In its statement, the Central Bank of the Argentine Republic (BCRA) prohibited banks from offering any service related to a digital asset that it doesn’t regulate.
“Payment service providers that offer payment accounts […] may not carry out or facilitate operations with digital assets, including crypto assets, that are not regulated by the competent national authority and authorized by the Central Bank of the Argentine Republic,” the statement read.
Since the central bank doesn’t regulate any digital asset, the ban extends to all tokens in the market.
The ban comes just days after the largest private bank in the country ventured into digital assets. Banco Galicia revealed last week that it would allow its 7.5 million users to buy and sell digital assets on its platform. It claimed that its study had shown 60% of its users wanted digital asset services.
Around the same time, digital bank Brubank SAU also unveiled similar services.
BCRA, in its statement, claimed the ban protects the Argentine payments system from risky digital asset exposure.
“The measure ordered by the BCRA’s board of directors seeks to mitigate the risks associated with transactions with these assets that could be generated for users of financial services and for the financial system as a whole,” it said.
According to local media, Argentine payment service providers are exploring their options. “We are analyzing it to find out if it harms us in any way,” one company told Forbes Argentina.
The ban comes just a month since the Latin American country received a $44 billion loan from the International Monetary Fund. The loan has been in the pipeline for months and came with its stipulations. One of these was that Argentina had to discourage digital asset adoption.
JUST IN: In response to receiving a loan from the IMF, 🇦🇷 Argentina is making good on their promise to go hard against crypto.
— Bitcoin News 🌴 Rooftop Meetup May 19th (@BitcoinNewsCom) May 5, 2023
“To further safeguard financial stability, we are taking important steps to (i) discourage the use of crypto-currencies with a view to preventing money laundering, informality and disintermediation,” stated a letter of intent signed by Argentina.

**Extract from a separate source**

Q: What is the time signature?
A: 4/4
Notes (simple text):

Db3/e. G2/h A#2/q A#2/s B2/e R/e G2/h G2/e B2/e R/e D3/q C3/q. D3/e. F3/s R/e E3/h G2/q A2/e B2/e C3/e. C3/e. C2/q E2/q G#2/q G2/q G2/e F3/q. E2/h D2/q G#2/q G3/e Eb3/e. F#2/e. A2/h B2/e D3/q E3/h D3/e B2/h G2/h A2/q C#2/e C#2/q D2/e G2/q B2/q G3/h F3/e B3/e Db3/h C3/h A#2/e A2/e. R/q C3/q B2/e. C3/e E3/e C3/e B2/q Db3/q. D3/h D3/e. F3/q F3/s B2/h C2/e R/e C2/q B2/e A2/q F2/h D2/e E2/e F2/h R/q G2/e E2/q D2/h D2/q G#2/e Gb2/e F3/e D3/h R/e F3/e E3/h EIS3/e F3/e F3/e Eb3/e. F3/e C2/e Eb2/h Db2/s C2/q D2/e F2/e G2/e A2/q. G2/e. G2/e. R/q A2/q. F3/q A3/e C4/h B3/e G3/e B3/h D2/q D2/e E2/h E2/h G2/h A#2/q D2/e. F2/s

For Argentina, the digital asset crackdown is collateral damage in its pursuit of economic stability. The country has struggled recently as inflation and currency depreciation wreaked havoc. Argentina was also staring at a $2.8 billion payment to the IMF in March and $39 billion this year for its loans. With the latest bailout, the country received $10 billion and was granted three more years to pay its loans.